== INSTRUCTIONS TO FOLLOW ==
Could you print out every entry, character for character?

Stored items from a collection
BEGIN

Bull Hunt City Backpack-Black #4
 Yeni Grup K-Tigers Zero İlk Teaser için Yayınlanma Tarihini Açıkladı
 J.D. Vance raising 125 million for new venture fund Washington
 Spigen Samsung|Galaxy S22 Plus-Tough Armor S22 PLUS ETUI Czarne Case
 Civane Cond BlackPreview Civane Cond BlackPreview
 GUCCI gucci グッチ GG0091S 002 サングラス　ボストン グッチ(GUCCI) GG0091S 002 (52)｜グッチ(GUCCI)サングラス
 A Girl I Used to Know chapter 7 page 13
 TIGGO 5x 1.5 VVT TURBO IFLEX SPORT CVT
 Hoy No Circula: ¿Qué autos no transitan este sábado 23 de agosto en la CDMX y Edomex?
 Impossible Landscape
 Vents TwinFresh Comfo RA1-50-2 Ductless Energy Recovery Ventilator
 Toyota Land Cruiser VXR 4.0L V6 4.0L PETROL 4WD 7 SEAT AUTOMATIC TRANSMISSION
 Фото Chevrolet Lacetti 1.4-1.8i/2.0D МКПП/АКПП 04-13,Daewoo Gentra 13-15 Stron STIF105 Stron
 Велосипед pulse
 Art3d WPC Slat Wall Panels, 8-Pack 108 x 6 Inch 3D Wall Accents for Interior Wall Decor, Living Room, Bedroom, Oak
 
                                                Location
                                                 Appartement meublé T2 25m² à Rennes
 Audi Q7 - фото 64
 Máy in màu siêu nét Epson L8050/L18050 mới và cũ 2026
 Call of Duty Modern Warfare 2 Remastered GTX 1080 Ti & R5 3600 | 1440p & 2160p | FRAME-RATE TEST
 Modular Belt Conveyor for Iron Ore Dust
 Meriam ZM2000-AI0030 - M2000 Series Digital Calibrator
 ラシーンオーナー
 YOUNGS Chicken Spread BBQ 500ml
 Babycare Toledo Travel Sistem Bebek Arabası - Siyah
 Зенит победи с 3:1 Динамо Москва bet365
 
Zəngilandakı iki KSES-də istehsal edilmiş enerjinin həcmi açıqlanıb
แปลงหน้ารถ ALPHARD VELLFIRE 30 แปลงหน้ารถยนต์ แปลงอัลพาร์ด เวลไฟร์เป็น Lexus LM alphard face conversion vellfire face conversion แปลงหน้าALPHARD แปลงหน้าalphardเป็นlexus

END

== RESULT BELOW ==
Bull Hunt City Backpack-Black #4
 Yeni Grup K-Tigers Zero İlk Teaser için Yayınlanma Tarihini Açıkladı
 J.D. Vance raising 125 million for new venture fund Washington
 Spigen Samsung|Galaxy S22 Plus-Tough Armor S22 PLUS ETUI Czarne Case
 Civane Cond BlackPreview Civane Cond BlackPreview
 GUCCI gucci グッチ GG0091S 002 サングラス　ボストン グッチ(GUCCI) GG0091S 002 (52)｜グッチ(GUCCI)サングラス
 A Girl I Used to Know chapter 7 page 13
 TIGGO 5x 1.5 VVT TURBO IFLEX SPORT CVT
 Hoy No Circula: ¿Qué autos no transitan este sábado 23 de agosto en la CDMX y Edomex?
 Impossible Landscape
 Vents TwinFresh Comfo RA1-50-2 Ductless Energy Recovery Ventilator
 Toyota Land Cruiser VXR 4.0L V6 4.0L PETROL 4WD 7 SEAT AUTOMATIC TRANSMISSION
 Фото Chevrolet Lacetti 1.4-1.8i/2.0D МКПП/АКПП 04-13,Daewoo Gentra 13-15 Stron STIF105 Stron
 Велосипед pulse
 Art3d WPC Slat Wall Panels, 8-Pack 108 x 6 Inch 3D Wall Accents for Interior Wall Decor, Living Room, Bedroom, Oak
 
                                                Location
                                                 Appartement meublé T2 25m² à Rennes
 Audi Q7 - фото 64
 Máy in màu siêu nét Epson L8050/L18050 mới và cũ 2026
 Call of Duty Modern Warfare 2 Remastered GTX 1080 Ti & R5 3600 | 1440p & 2160p | FRAME-RATE TEST
 Modular Belt Conveyor for Iron Ore Dust
 Meriam ZM2000-AI0030 - M2000 Series Digital Calibrator
 ラシーンオーナー
 YOUNGS Chicken Spread BBQ 500ml
 Babycare Toledo Travel Sistem Bebek Arabası - Siyah
 Зенит победи с 3:1 Динамо Москва bet365
 
Zəngilandakı iki KSES-də istehsal edilmiş enerjinin həcmi açıqlanıb
แปลงหน้ารถ ALPHARD VELLFIRE 30 แปลงหน้ารถยนต์ แปลงอัลพาร์ด เวลไฟร์เป็น Lexus LM alphard face conversion vellfire face conversion แปลงหน้าALPHARD แปลงหน้าalphardเป็นlexus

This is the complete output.